Tlaloc
Member
we did not enter monogamy lightly or too quickly
Who didn't? I agree with lightly but I proposed to my girlfreind three days after we started dating I tend to think that our culture deliberates extremely too long concerning marriage. There isn't much more to ask other than is she\he\they known to be Godly and do you all naturally get along well. And naturally getting along well is optional. Common faith, common purpose, and commitment is all we really need.
It may take time to discern the quality of a person, but as soon as that can be confidently ascertained then waiting is just waiting. Frankly I'm sick of the culture that puts off marriage until the mid 20's to 30's or even too the 40's, and puts off kids until even later. I want as little to do with its endless search for the perfect match and quite a lot of appreciating someone for whoever they are and who God made them.
I agree there is no reason to assume the transition will be difficult for its own sake. Full disclosure is certainly the best policy, and I'm happy you had a good report about it in that case.
1. I completely agree, and also find that reactions are not always as bad as would be expected.

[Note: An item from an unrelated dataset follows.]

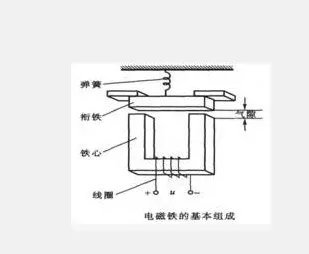 电磁铁的工作原理？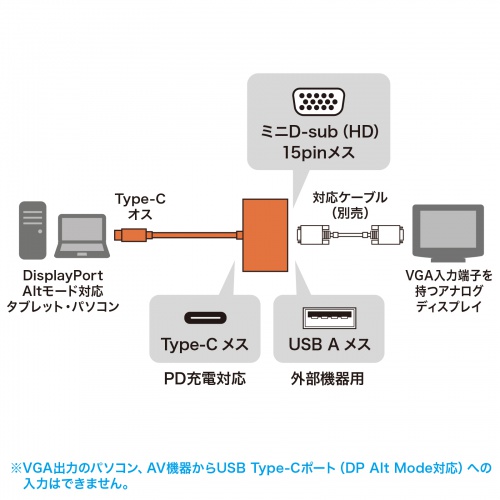 ドッキングステーション(タイプCハブ，USBハブ・PD100W・VGA・Type-C・ブラック） USB-3TCV1BK サンワサプライ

2. I would say don't assume very much about the views of someone who calls themselves a Christian period. There are a wide variety of orthodox and heterodox views out there in the heads of a wide variety of people. No need to assume Christian means any more than 'someone who belies in Jesus for their salvation' sometimes it doesn't even mean that to the person that says it, but in general we can assume that common and important ground.
3. I generally agree, but discretion is the better part of valour. We have a mixed bag of people that know outright and people which we have never brought it up too. There are several cases where it seems better to me to plant ideas in their heads gradually and let them think it out rather than pushing my views directly.
4. Do what you like to do? Nice advice
5. Good idea.
6. I don't understand this one. I guess with us her friends are my friends and my friends are her friends in the first place, so there isn't really anywhere to expand this way.
7. Generally a good idea within its bounds.
8. Look in every way available too you, I agree there is no need to rely on or neglect any medium.
9. Many good churches have things they put on for the community at large. We met families from other churches via our VBS for example. Its good advice, but for those that take it I would recommend looking into that kind of gathering rather than just popping in on a random Sunday.
10. This may or may not conflict with being forthright. Either way I'm not sure why a Christian singles group is better than any other given Christian group, unless you're recommending this to find a second wife, in that case it seems like good advice.
11. Its a good idea, but its a longer term one that really needs a developed local poly community of at least a few families.
12. I have not thought of that, though I have though of posting some of the Biblical Families materials on open community bulletin boards. Newspaper ads are not a bad idea if they will take them.
13. I suppose tracts have their place, but I generally consider it a big step down from getting to know people 1:1 and working person by person. It might be a good idea to get together a printable 'Poly Tract' though, what do the site admins think of it?
14. We have the problem when we risk censorship, loss of jobs, or legal action. Discretion is the better part of valour here again.
"when the disclosure was appropriate" In that context its good advice though
15. LOL
16. Quite a few,myself included, do do a short testimonial in their introduction. Others do one latter. The more that do the better I say.
17. Yeah
Not a bad list, a lot of it is just promoting polygamy stuff, which is more important than finding a sister wife in any given case.